Exercise objective = Only an exact copy is wanted: the lines from the one holding "吴瑞刚将军告别仪式，一张罕见" through the last line below, minus the pictures.

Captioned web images
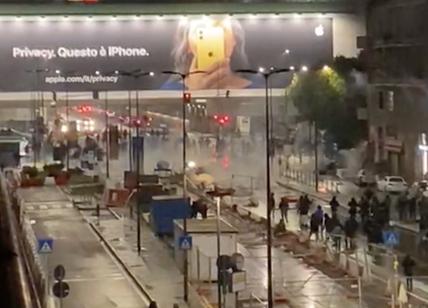 A Milano esplode la rabbia: molotov e scontri in corso Buenos Aires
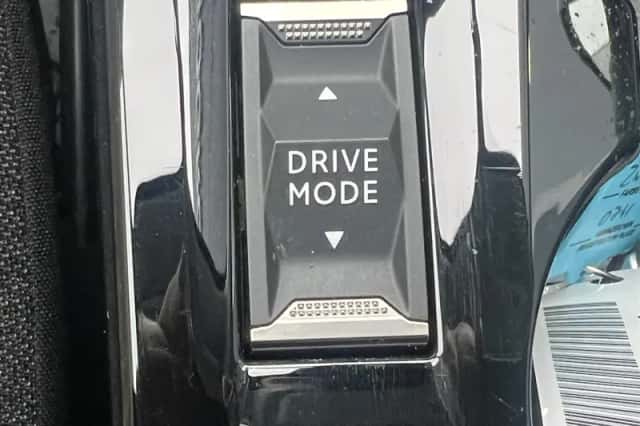 Peugeot e-208 (2022) thumbnail 30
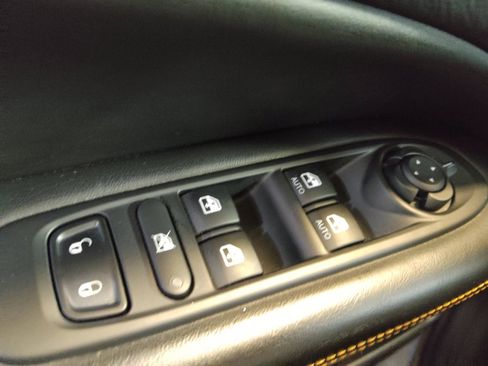 Used 2018 Jeep Compass Limited w/ Navigation Group AWD/4WD image 27
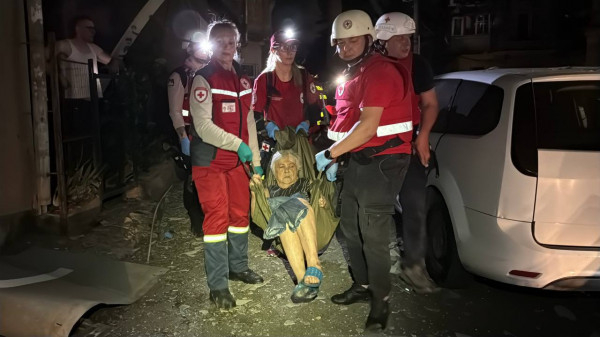 Вночі ворог атакував з повітря Одесу, бив по пологовому будинку і житловому сектору, є загибла людина і постраждалі1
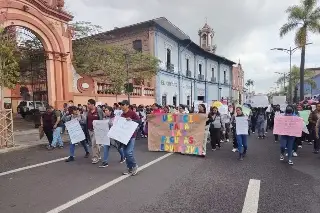 Por segundo día seguido, trabajadores de Conafe realizan protesta en Orizaba, Veracruz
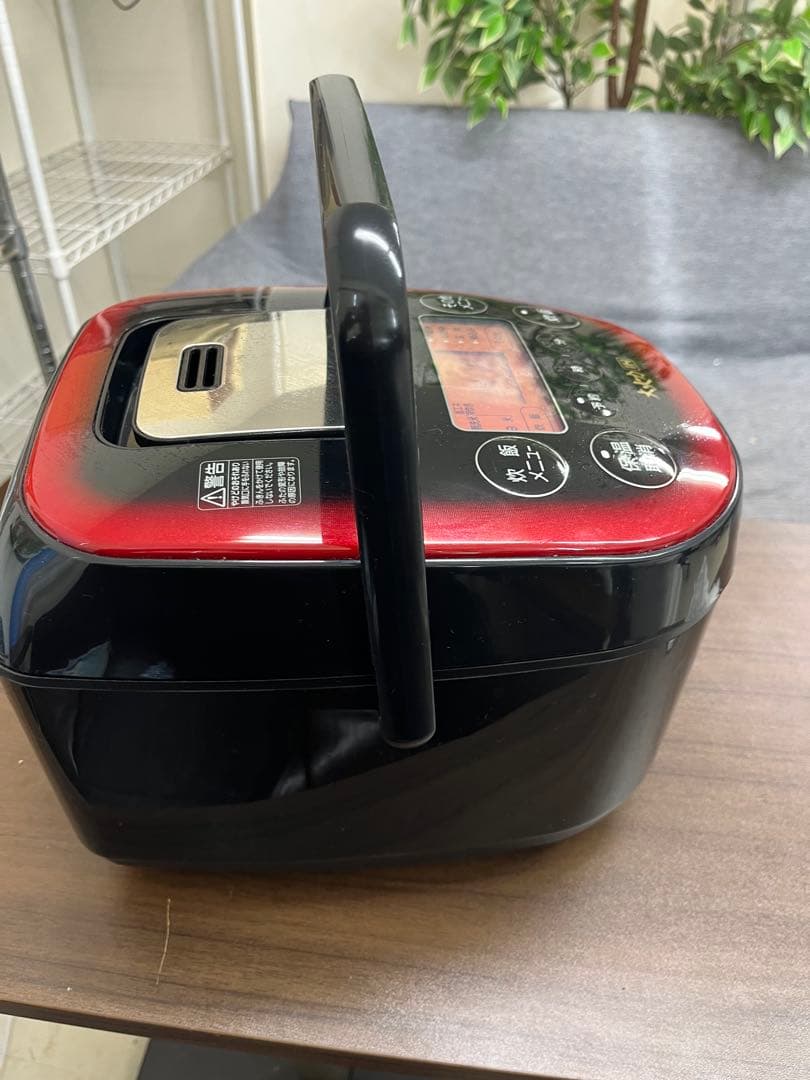 アイリスオーヤマ 大火力IH炊飯器 黒・赤　2022年製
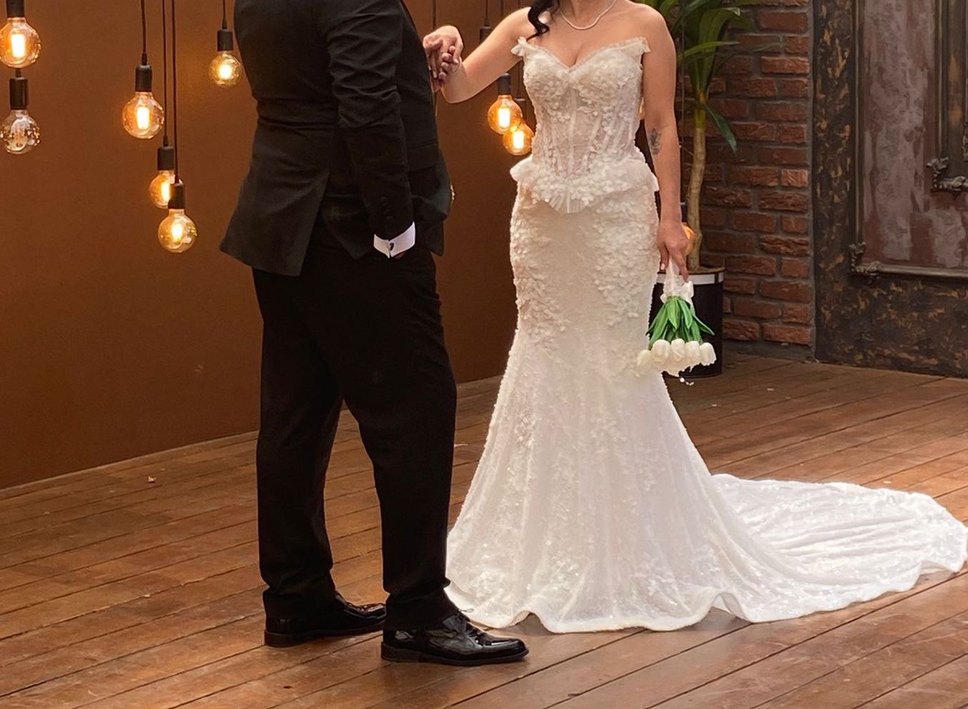 Beyaz Straplez Prenses Gelinlik - Görsel 3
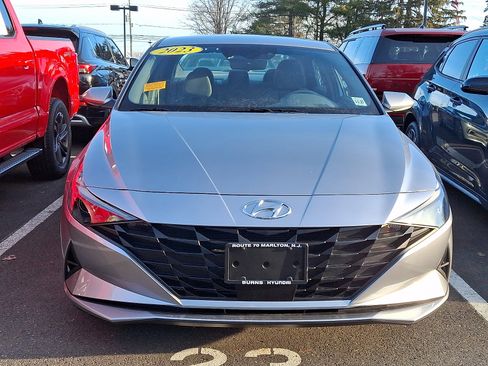 Used 2023 Hyundai Elantra SEL w/ Convenience Package image 3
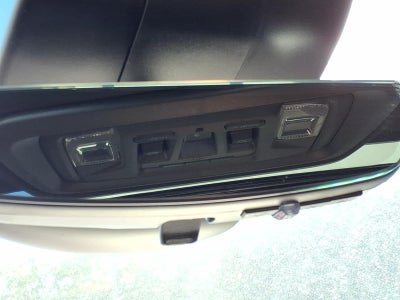 2023 GMC Sierra 1500 4WD Crew Cab Short Box Denali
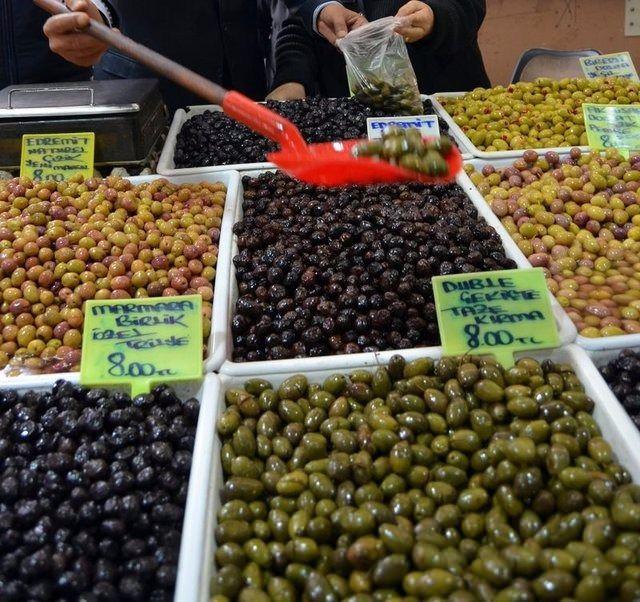 <p>*Ürünün içeriği, kullanılan gıda bileşenlerinin ne olduğunu ve ayrıca varsa gıda katkı maddeleri de etiketlerde listelenmektedir.</p>
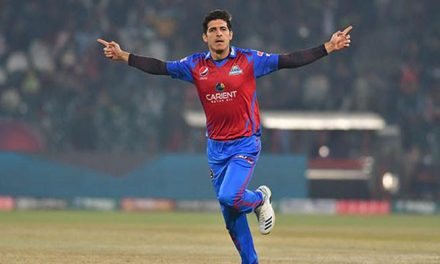 Who replaced Mir Hamza after being injured in Karachi Kings?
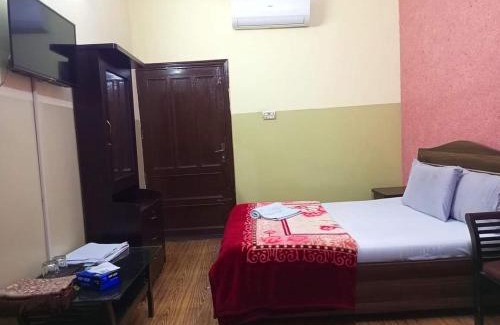 Karachi House | Furnish Rooms Near Jinnah Airport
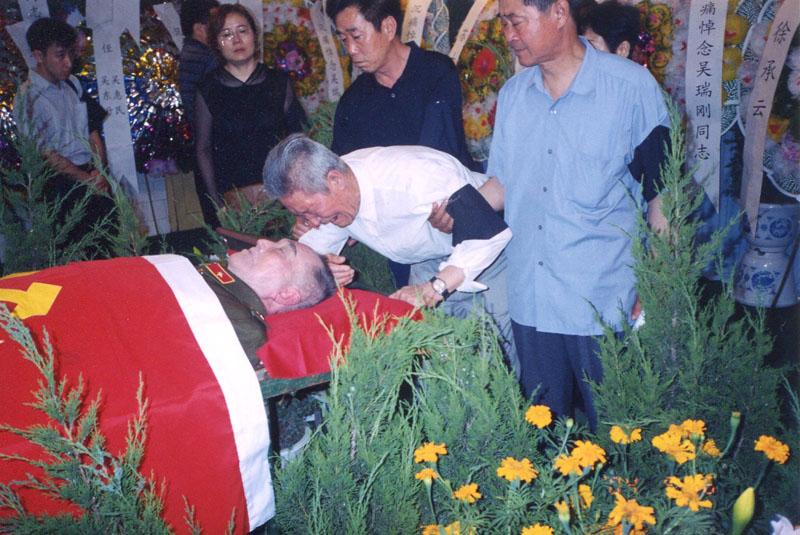 吴瑞刚将军告别仪式，一张罕见的留影，这张照片拍摄于2004年的福州，在原福州军区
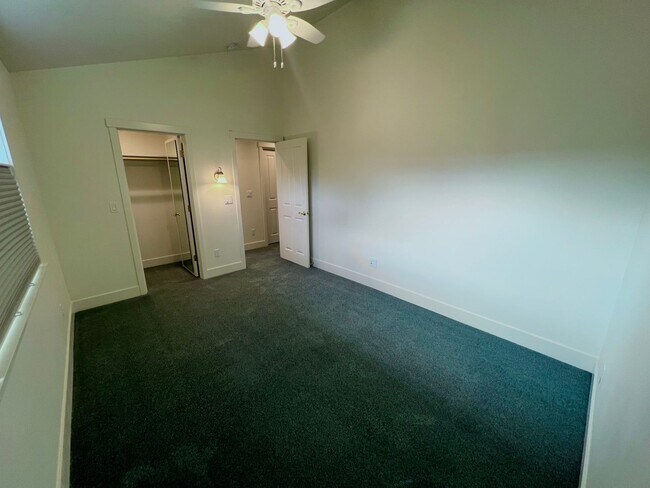 Building Photo - Stunning 3 Bed, 2.5 Bath Home in the Heart of Downtown Bend!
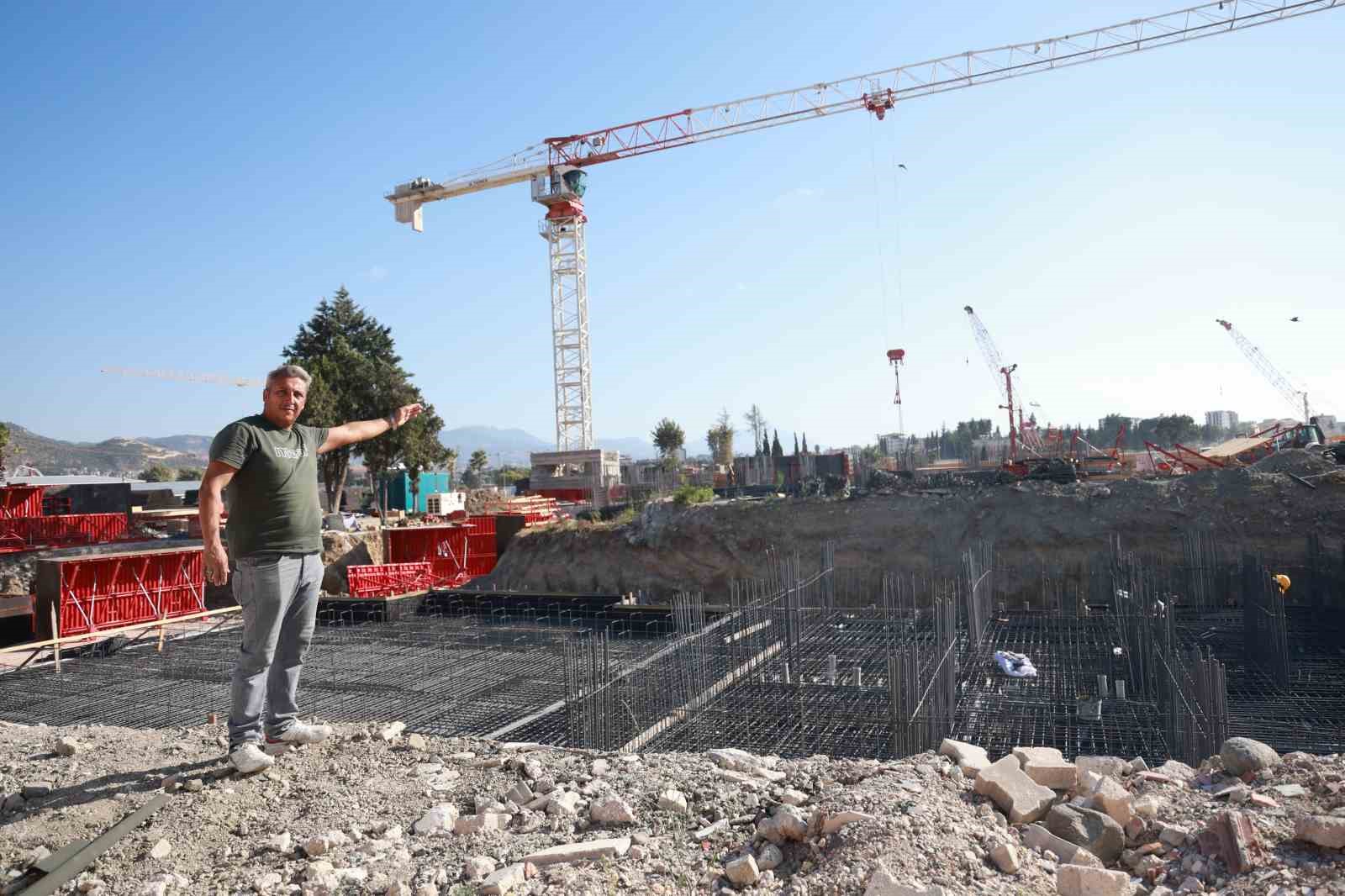 Depremin yok ettiği kent merkezinde inşaatlar gece gündüz demeden devam ediyor
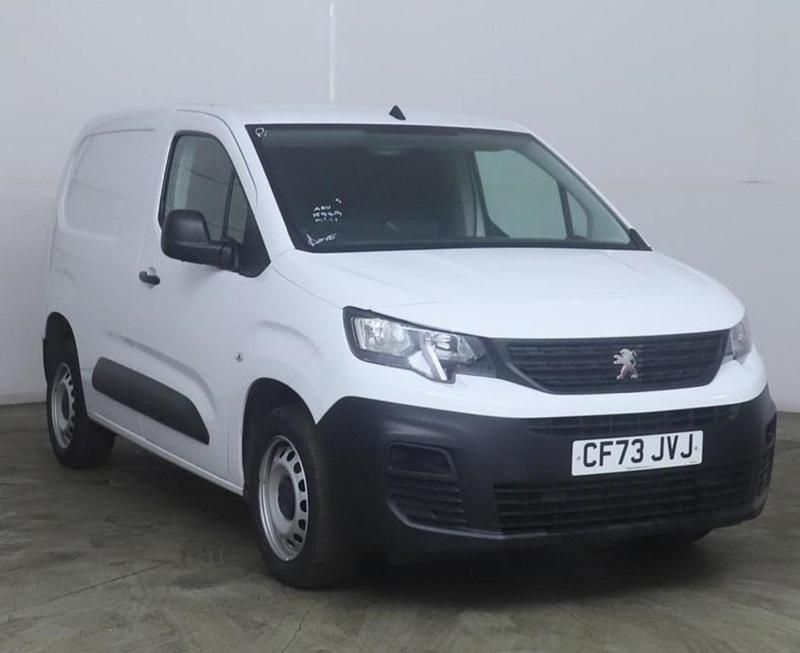 Used Peugeot Partner Premium 2023 White MPV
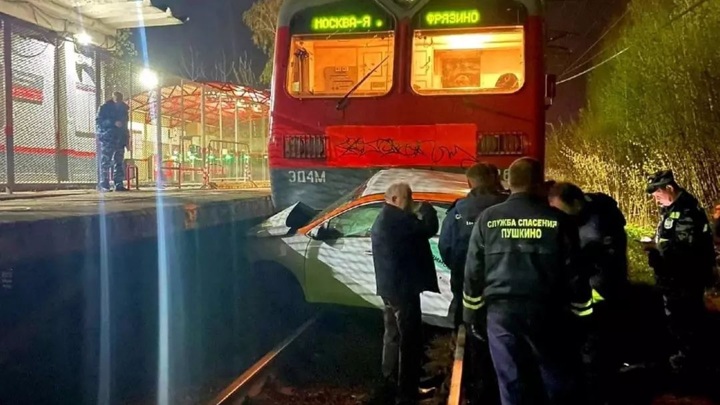 Электричка протаранила автомобиль каршеринга в Подмосковье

Exercise output =
 吴瑞刚将军告别仪式，一张罕见的留影，这张照片拍摄于2004年的福州，在原福州军区
 Building Photo - Stunning 3 Bed, 2.5 Bath Home in the Heart of Downtown Bend!
 Depremin yok ettiği kent merkezinde inşaatlar gece gündüz demeden devam ediyor
 Used Peugeot Partner Premium 2023 White MPV
 Электричка протаранила автомобиль каршеринга в Подмосковье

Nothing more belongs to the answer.